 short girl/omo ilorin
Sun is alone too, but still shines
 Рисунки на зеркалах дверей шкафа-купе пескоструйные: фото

--

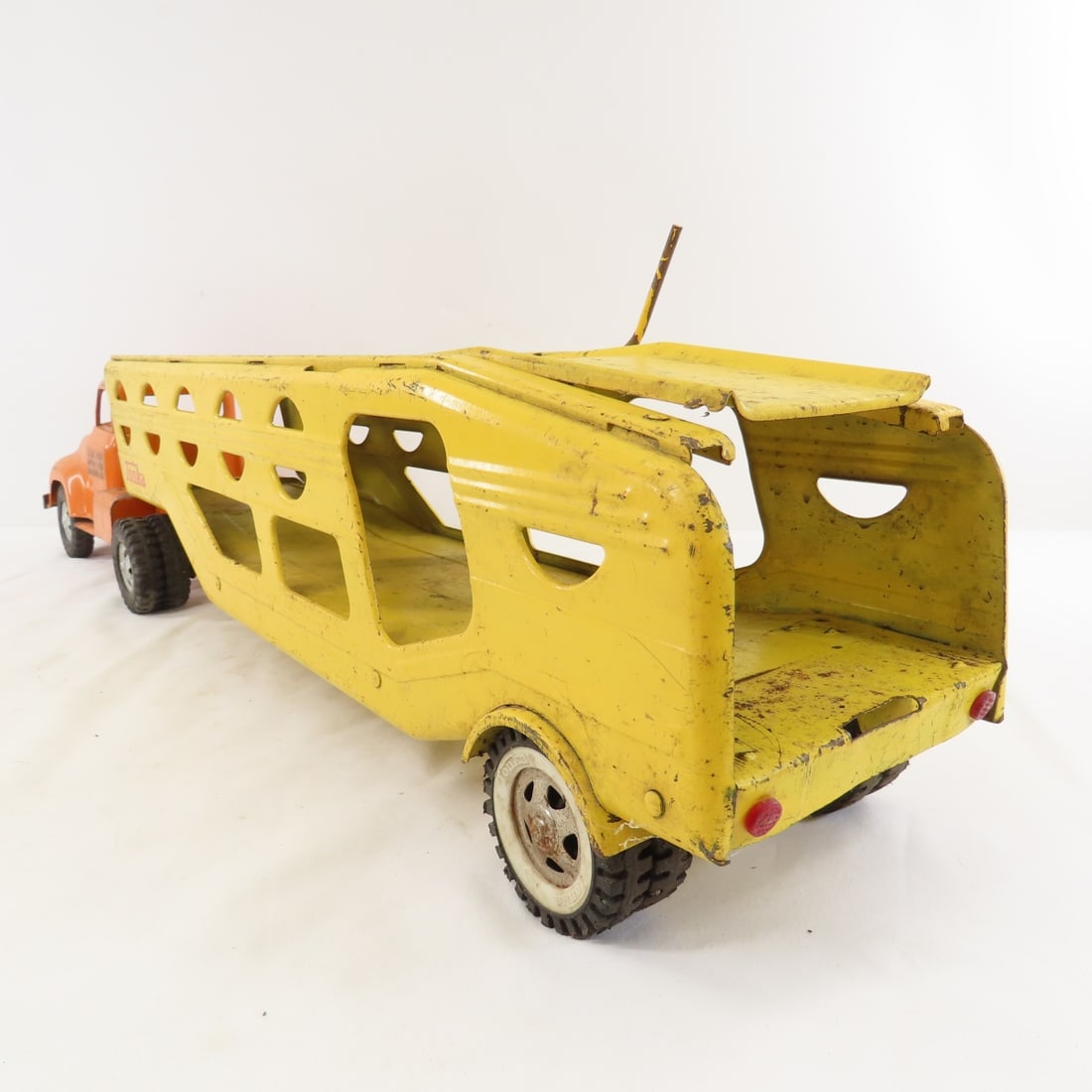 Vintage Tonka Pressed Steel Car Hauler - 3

...

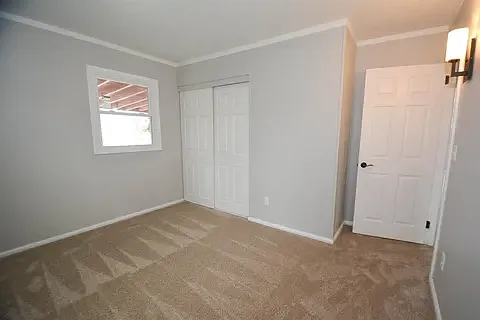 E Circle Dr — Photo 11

• PROBLEM TO SOLVE
From the line that has "short girl/omo ilorin" through the line that has "Рисунки на зеркалах", copy every line exactly as it appears above, and leave out all others.

• COMPLETED EXERCISE
 short girl/omo ilorin
Sun is alone too, but still shines
 Рисунки на зеркалах дверей шкафа-купе пескоструйные: фото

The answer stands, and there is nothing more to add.